August is a transition month. The first day is definitely summer, the last is unarguably autumn. So here we are, no denying it: autumn. The days are shorter, we are heading for the equinox. In the garden are blackberries, lots of seed heads, and pears on the tree. It’s sunny and warm, not the fierce heat earlier in the month.
On the ground, by the door of the container, almost hidden by it and the large pot with the hibiscus, are cranesbill and hawkweed. A subtle combination of pink and yellow. I suspect someone will pull them out as gardening is idiosyncratic. Someone’s wild flower is another’s weed.

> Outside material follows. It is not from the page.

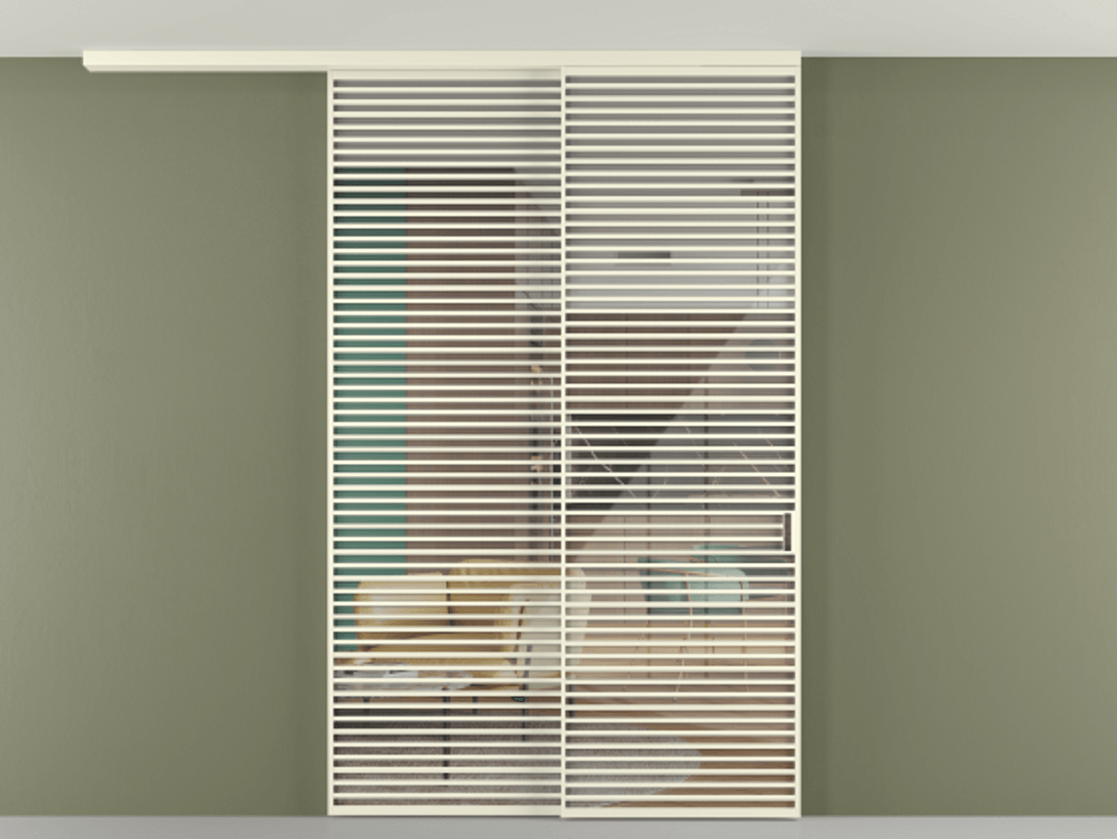 Перегородка Формато вдоль стены на потолок 2 створки с синхронным механизмом АЛПР 040.07 Алюминий молочно-белый Рефлективное прозрачное стекло "Стопсол", калёное Цена 94040970 so'm | Volhovec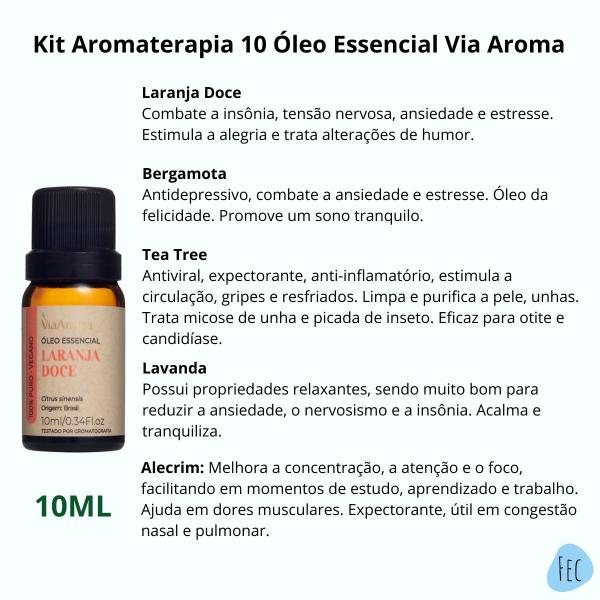 Imagem de Kit 10 Óleos Essenciais Via Aroma - Top 10 Mais usados na Aromaterapia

Most of our flowering plants have finished, but a few blooms remain. And a few have had a second flowering like the California poppies in the small wild flower bed. There’s campanula by the globe thistles in a middle bed, a few sweet peas up the side wall by the buddleia. I almost miss seeing the white hellebores at the back of the pond, behind the hollyhocks. Their white flowers are reminiscent of wild roses. The coreopsis has been flowering for two months, and still has a few yellow blooms.

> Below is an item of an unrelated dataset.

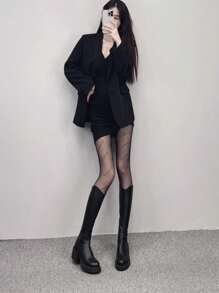 Botas altas para mujer, botas de montar de tacón grueso, botas elásticas con cremallera trasera, botas altas de tacón alto, puntera redonda, botas cálidas de otoño/invierno 2025, botas de moda, adecuadas para fiestas, oficina, viajes, eventos, vacaciones, uso diario, botas para todas las estaciones, zapatos cómodos para exteriores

I hear no birdsong today. And see few birds on the wing. Mating and nurturing is over. The fledglings have left the nest. And birds, no matter how we personify them, don’t sing for the fun of it, but for mates and territory.
We have been given two large clumps of ferns. I plant one by the hollyhocks by the side of the pond, having to remove an iris to make room. The ferns have a good root-ball and I am sure they will survive. Unlike our olive tree which is in a sad state. The leaves are curling, a few at the tips going brown. It’s make or break for this donation. And there’s nothing we can do but watch.
The pond is higher after the rain. The plants on its shelf are in water again. I see daphnia in the depths and a few water boatmen rowing under the surface. There’s the mysterious beastie of last week: the dragonfly nymph, crawling on the stones, just below the water level. In the centre of the pond, there’s a single water lily. On the edge a few monkey flowers are alongside water forget-me-nots with their tiny, pale blue florets.
We spot a small brown larva, about 1 ½ cm long, in the pond. It is legless and swims by arcing its body almost in a circle and then straightening out. A curious movement, repeated over and over as it swims along. It is most likely a dixa midge larva. The adult is a midge, mosquito size but it won’t bite.